WORK TASK: The required response is the number of lines in the entries that include the word "young", with nothing added.

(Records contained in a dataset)
----------
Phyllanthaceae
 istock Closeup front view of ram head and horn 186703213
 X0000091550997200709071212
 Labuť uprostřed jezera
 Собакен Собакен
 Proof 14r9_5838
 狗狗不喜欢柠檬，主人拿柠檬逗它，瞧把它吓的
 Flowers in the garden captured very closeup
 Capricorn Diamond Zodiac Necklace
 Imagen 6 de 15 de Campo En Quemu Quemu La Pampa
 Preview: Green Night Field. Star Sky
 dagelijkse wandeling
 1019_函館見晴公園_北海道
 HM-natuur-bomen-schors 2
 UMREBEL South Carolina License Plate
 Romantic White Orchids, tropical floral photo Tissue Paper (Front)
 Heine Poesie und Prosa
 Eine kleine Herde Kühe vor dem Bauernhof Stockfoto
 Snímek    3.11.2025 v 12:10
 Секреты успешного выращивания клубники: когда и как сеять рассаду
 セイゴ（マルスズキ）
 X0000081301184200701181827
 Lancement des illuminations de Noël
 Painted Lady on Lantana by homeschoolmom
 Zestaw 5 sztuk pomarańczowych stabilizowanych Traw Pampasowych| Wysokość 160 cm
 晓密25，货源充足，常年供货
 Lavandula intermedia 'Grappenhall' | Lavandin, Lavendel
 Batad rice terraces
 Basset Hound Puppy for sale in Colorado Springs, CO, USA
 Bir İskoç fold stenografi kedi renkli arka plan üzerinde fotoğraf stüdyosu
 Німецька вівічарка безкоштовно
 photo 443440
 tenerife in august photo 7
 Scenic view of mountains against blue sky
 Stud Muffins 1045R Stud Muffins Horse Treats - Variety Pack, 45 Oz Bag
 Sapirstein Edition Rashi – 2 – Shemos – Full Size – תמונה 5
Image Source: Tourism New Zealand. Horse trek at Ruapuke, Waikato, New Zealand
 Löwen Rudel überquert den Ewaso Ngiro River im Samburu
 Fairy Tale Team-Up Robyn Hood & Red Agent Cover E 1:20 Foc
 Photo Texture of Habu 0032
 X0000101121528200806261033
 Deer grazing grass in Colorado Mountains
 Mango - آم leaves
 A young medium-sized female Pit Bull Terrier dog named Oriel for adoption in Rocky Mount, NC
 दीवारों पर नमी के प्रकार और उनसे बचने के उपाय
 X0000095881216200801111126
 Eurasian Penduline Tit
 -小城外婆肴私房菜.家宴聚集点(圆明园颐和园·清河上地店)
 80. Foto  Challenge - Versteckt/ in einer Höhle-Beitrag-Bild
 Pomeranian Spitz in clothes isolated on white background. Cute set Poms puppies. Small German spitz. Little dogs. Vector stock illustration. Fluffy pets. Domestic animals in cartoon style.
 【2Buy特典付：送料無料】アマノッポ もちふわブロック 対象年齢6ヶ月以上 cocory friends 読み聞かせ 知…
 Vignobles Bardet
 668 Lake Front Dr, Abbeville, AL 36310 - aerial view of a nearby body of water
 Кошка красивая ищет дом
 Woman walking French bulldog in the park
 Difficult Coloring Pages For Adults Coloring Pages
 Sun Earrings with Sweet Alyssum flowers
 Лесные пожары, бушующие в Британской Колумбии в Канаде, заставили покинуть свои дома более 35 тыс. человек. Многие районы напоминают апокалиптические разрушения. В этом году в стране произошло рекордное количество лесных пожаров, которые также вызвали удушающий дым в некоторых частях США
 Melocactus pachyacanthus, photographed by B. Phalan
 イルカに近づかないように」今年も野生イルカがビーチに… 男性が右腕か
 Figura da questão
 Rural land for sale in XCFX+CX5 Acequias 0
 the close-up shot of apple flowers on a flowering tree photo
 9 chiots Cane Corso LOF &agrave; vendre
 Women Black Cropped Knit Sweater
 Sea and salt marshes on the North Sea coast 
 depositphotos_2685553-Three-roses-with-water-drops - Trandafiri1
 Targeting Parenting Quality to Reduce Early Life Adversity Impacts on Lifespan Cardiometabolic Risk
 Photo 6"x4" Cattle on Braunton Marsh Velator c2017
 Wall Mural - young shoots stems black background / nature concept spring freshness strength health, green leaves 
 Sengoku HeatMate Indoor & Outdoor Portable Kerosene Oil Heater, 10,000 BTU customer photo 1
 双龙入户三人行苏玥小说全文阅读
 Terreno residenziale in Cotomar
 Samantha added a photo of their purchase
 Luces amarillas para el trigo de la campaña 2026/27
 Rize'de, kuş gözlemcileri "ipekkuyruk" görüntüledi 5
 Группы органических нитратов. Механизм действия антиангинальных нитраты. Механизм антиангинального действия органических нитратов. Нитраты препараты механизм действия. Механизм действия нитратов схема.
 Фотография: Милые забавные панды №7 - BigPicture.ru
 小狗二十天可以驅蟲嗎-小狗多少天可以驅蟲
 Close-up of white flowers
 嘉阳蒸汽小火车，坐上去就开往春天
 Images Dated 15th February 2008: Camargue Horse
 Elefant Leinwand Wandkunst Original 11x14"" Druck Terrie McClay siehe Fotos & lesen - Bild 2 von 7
----------
ANSWER BOX: 2